CHARLOTTE, NC (Ely Portillo/The Charlotte Observer) - Property owners and renters, beware: It's getting more costly in Charlotte if you don't keep up your property, leave out bulky items and trash cans at the curb, or let your grass grow too long.
Fines for most violations have been increased from $50 to $150, effective Jan. 1. And Code Enforcement is also implementing a new policy under which the department is compiling a list of property owners with four or more code violations in 2017.
Property owners on that list will be labeled repeat and chronic offenders – and will face steeply increasing fines if they are cited again this year. For their fourth new violation, repeat and chronic offenders will see the fine increase to $250.
And for each offense after that, fines will rise to $500.
Code enforcement manager Ben Krise said the city is focusing on repeat offenders because they make up a large proportion of code violation cases. The higher fines, Krise said, will act as a bigger deterrent.
"What we've seen through an analysis of the data is we're spending some significant time and resources focusing on repeat offenders," said Krise. "It's a cat-and-mouse game."
Krise said the department is still compiling its repeat offenders list and will notify people who are on it soon. If they don't have four violations this year, they won't be on the list in 2019.

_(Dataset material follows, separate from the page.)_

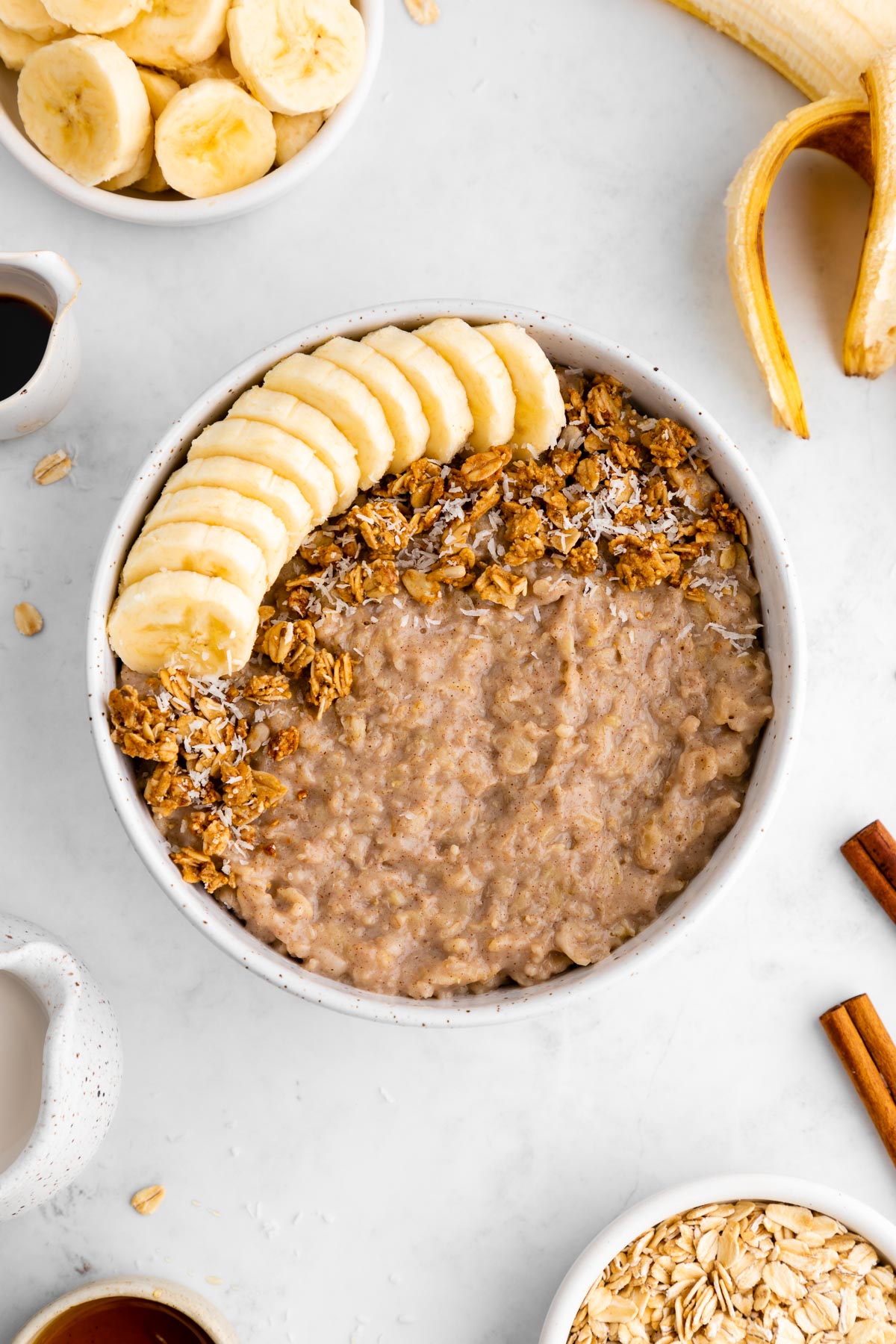 vegan banana oatmeal inside a speckled ceramic bowl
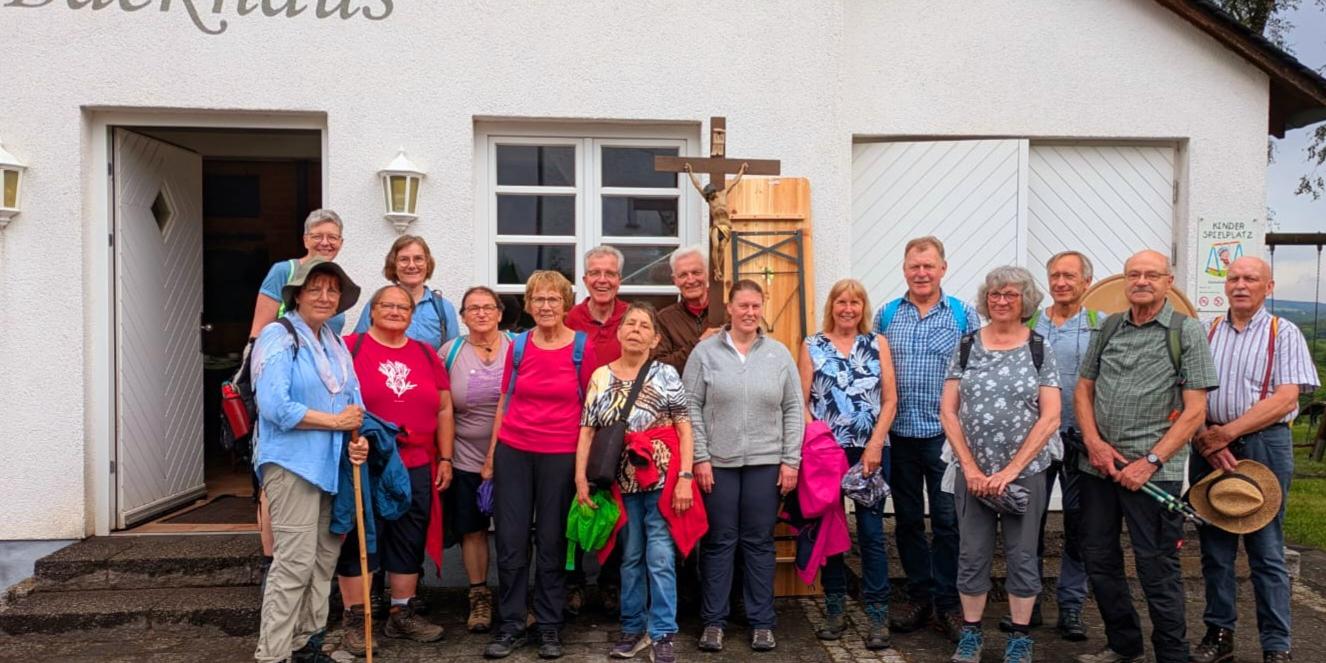 Personengruppe mit Kreuz vor einem Haus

"We will notify them all in advance," he said. "They will know before we do any chronic or repeat offender enforcement in 2018."
Some landlords who own multiple properties have said they're worried about being labeled repeat offenders because of multiple single violations at scattered rental homes. For example, a landlord who owns 10 properties and has one citation for tenants leaving trashcans out at four of those could be put on the repeat offender list and face higher fines this year.
Landlords generally pass on citation costs to their tenants if they can, but one landlord who spoke with the Observer said several $500 fines might push them to raise rents at multiple properties to cover the cost, if tenants won't pay.
Krise confirmed that a landlord in that situation – four separate properties with one curbside violation each – could end up on the repeat offender list. But he said the department won't count the first new curbside offense, such as a trashcan not being taken in, toward the increased fines.
"The very first time...we will be sending a notice that won't be included in the escalating fee schedule," said Krise.
Krise also said that almost all first-time curbside offenders get a warning instead of a fine, and that about 95 percent of those comply voluntarily. Door hangers and letters mailed to a property owner usually take care of any exterior problems, he said.